— WHAT THE TASK REQUIRES —
Using the records below, return exactly the lines from the one containing "手机改dns上twitter" through the last, and omit pictures.

— Captioned web image data —
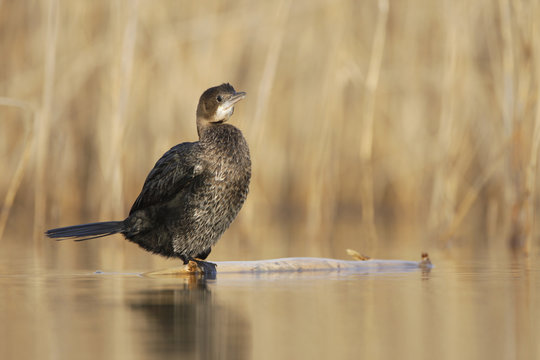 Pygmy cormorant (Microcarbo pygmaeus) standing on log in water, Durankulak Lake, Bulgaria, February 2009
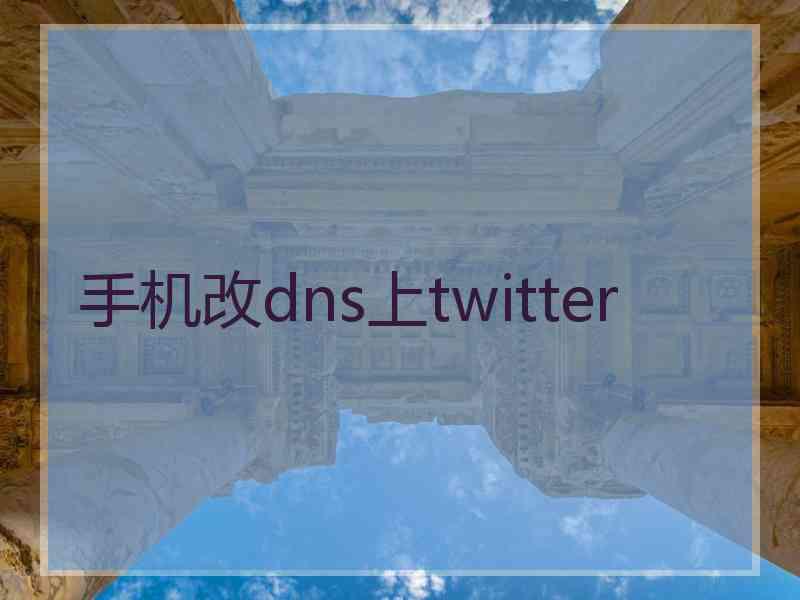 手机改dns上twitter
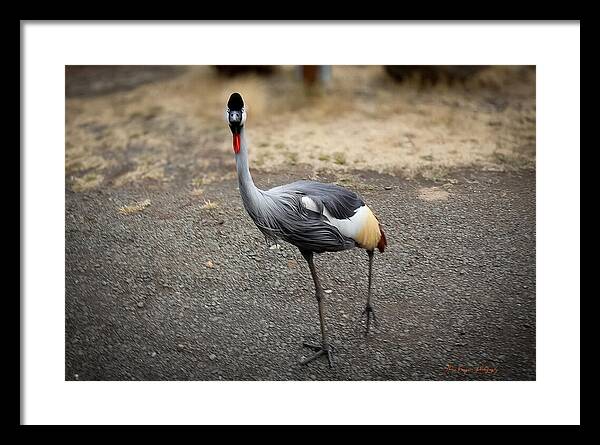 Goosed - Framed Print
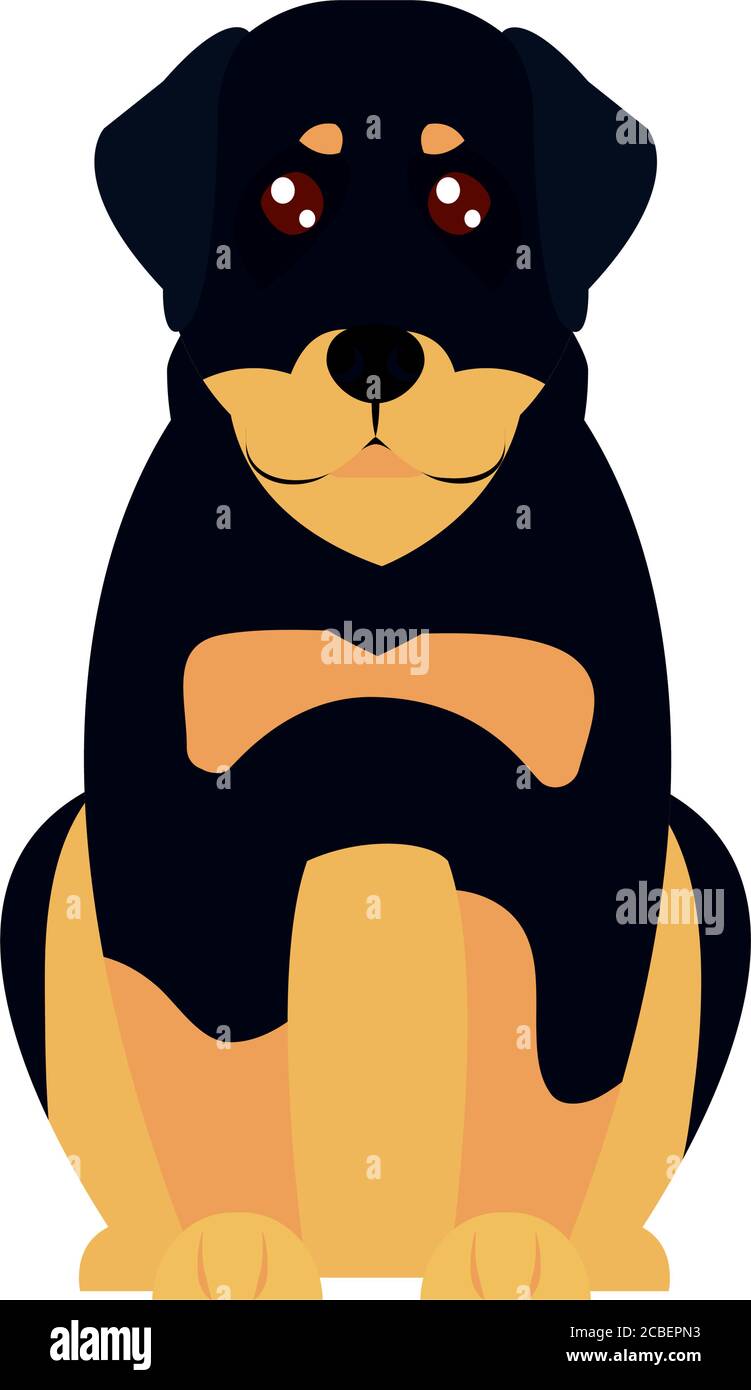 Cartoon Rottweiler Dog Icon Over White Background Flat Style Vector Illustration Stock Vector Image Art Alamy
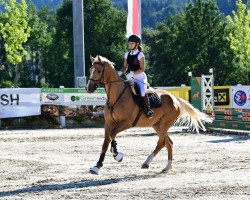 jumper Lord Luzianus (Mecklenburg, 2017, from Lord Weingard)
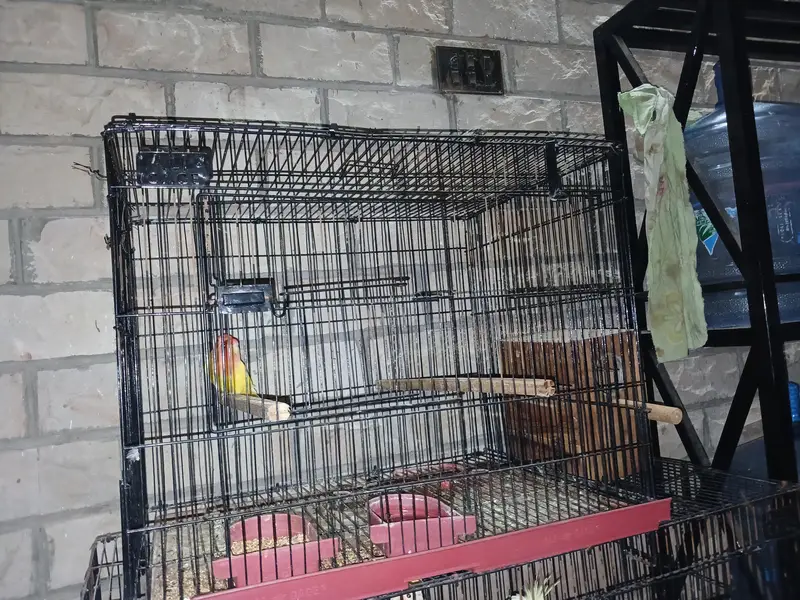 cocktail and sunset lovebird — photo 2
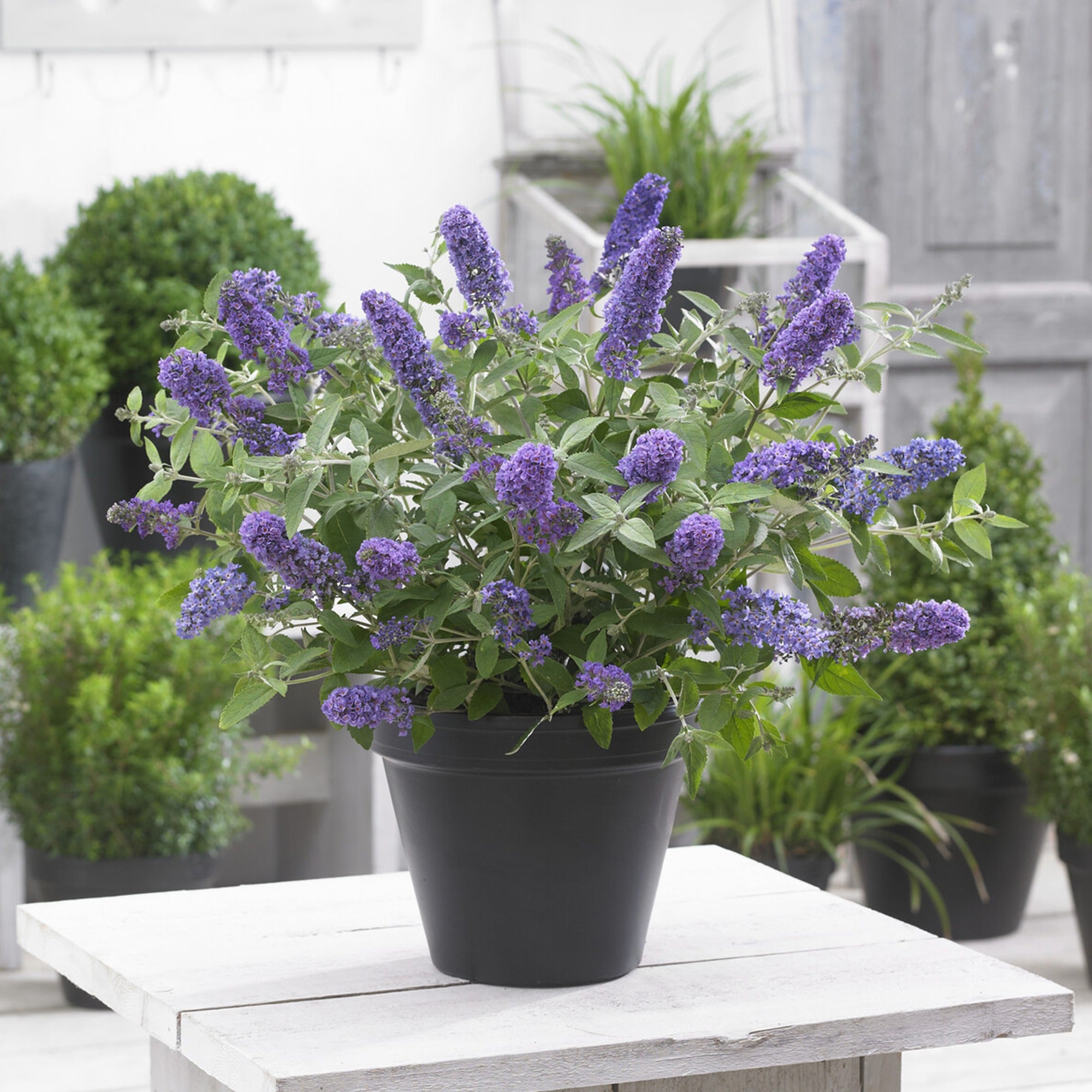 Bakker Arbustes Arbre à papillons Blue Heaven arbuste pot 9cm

— TASK ANSWER —
 手机改dns上twitter
 Goosed - Framed Print
 Cartoon Rottweiler Dog Icon Over White Background Flat Style Vector Illustration Stock Vector Image Art Alamy
 jumper Lord Luzianus (Mecklenburg, 2017, from Lord Weingard)
 cocktail and sunset lovebird — photo 2
 Bakker Arbustes Arbre à papillons Blue Heaven arbuste pot 9cm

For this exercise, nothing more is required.